Friday, 18 September 2015

Girls and Boys

Our after-school Church Club at the Infants School met for the first time this Wednesday, twelve five-to-seven year-olds kept in loose order by three adults (usually including me) to be told a Bible story, and engage in various puzzles, games and craft activities. There has long been a gender imbalance in the group, but this term we have eleven girls to one boy, which is remarkable. Children of this age don't avoid the opposite sex in the way they do a bit later on, so it's hard to understand why this should be. Another church group for older, junior-school-age children kept going for a while with an entirely female membership before folding this term, hopefully only temporarily. Perhaps the purpose of a church group isn't as clear as some of the other groups available to children; and neither active enough to appeal to little boys themselves, nor aspirational enough to appeal to their parents, and so we tend to mop up a disproportionate number of girls whose parents are less concerned about what they do. 

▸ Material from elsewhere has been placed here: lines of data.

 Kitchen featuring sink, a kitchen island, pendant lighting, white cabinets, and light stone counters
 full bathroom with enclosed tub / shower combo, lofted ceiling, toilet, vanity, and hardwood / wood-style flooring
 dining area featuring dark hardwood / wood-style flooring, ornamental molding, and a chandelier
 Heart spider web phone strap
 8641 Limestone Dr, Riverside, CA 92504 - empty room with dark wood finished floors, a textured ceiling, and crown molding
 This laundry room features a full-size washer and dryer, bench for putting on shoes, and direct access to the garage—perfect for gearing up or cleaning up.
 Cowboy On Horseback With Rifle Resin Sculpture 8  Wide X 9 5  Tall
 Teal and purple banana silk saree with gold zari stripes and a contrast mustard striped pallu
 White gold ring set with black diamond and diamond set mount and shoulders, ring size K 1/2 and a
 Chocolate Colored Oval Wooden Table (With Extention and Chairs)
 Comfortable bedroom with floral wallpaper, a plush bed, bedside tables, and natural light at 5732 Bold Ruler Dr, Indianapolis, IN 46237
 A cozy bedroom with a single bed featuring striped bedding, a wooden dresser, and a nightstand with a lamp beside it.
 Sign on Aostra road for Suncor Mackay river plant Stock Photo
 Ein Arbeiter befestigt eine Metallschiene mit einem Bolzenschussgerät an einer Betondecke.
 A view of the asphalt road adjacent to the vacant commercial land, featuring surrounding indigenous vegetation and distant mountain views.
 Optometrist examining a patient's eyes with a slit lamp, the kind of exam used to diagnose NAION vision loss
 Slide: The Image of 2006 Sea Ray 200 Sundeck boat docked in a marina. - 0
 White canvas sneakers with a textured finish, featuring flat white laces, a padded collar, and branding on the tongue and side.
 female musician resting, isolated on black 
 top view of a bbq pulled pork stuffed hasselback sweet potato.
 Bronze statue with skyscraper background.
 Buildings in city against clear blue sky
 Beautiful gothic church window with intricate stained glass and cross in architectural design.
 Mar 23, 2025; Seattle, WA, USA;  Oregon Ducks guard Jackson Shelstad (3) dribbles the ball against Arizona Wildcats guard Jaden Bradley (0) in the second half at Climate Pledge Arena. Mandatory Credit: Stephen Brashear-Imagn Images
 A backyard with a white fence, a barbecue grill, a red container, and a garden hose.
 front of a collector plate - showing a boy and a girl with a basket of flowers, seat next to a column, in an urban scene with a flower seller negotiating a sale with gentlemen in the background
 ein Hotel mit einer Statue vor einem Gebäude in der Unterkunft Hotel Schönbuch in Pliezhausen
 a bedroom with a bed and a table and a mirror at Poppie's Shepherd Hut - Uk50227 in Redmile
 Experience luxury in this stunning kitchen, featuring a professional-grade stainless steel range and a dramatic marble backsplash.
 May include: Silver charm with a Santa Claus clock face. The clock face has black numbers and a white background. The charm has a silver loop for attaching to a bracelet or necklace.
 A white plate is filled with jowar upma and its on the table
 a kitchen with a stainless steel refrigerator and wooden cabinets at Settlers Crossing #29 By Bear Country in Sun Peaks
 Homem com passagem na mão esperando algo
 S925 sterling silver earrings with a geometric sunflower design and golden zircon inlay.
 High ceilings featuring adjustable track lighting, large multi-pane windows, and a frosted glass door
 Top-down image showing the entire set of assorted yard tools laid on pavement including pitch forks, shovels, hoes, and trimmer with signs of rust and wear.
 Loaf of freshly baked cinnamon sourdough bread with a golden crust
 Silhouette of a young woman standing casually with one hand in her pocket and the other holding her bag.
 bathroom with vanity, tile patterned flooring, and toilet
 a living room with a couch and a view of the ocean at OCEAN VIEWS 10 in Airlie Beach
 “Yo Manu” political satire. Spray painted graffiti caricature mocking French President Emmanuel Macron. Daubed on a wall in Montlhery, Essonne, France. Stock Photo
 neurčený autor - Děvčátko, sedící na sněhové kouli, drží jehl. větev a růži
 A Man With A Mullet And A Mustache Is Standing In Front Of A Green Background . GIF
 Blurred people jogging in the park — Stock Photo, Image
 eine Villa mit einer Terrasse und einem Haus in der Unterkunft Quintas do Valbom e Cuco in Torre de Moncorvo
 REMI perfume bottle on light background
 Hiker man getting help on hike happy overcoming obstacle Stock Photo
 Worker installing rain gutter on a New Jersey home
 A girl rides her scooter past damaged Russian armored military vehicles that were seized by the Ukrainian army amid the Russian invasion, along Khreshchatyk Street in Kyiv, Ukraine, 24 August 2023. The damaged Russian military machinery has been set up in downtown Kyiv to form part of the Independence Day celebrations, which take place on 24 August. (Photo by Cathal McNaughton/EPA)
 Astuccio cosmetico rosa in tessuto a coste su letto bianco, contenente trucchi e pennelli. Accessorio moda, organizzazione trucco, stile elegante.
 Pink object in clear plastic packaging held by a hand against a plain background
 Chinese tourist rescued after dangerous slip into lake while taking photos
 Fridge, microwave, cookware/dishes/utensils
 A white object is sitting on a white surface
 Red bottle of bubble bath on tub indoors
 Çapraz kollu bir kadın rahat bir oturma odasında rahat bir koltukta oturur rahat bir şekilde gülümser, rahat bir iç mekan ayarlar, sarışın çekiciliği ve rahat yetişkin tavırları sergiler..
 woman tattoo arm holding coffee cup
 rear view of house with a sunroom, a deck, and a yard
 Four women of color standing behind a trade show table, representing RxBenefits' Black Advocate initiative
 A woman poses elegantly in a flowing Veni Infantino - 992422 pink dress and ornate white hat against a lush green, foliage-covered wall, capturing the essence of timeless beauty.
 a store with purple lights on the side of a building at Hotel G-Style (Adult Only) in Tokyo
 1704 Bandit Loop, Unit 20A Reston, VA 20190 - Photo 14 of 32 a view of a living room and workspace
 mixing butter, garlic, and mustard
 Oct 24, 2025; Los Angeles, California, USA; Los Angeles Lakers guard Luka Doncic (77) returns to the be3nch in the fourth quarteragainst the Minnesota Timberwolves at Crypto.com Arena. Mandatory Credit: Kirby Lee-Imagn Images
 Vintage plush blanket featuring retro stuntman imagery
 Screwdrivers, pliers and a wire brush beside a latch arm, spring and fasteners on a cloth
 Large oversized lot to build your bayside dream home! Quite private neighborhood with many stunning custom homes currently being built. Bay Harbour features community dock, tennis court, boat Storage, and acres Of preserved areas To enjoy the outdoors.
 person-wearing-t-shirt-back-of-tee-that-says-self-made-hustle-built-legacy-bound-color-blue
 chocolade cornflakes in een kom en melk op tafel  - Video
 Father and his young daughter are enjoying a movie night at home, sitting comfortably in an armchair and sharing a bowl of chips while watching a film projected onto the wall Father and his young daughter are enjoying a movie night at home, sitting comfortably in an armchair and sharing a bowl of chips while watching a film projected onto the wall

Our one boy has more behavioural issues than anyone else in the school, which is another demographic Church Club has tended to cater for in the past. Having said that he was near-ecstatic to be there. 'Awesome!' was his almost unreasonably enthusiastic response to being given a folder to put his puzzle sheets in. He disappeared at one point and I wasn't sure whether he'd gone to see his mum who was waiting not far away in case there were any problems. 'Lewis is in the toilet,' one of the girls informed me, 'He's doing a poo so he'll be a while', helpfully if unnecessarily adding.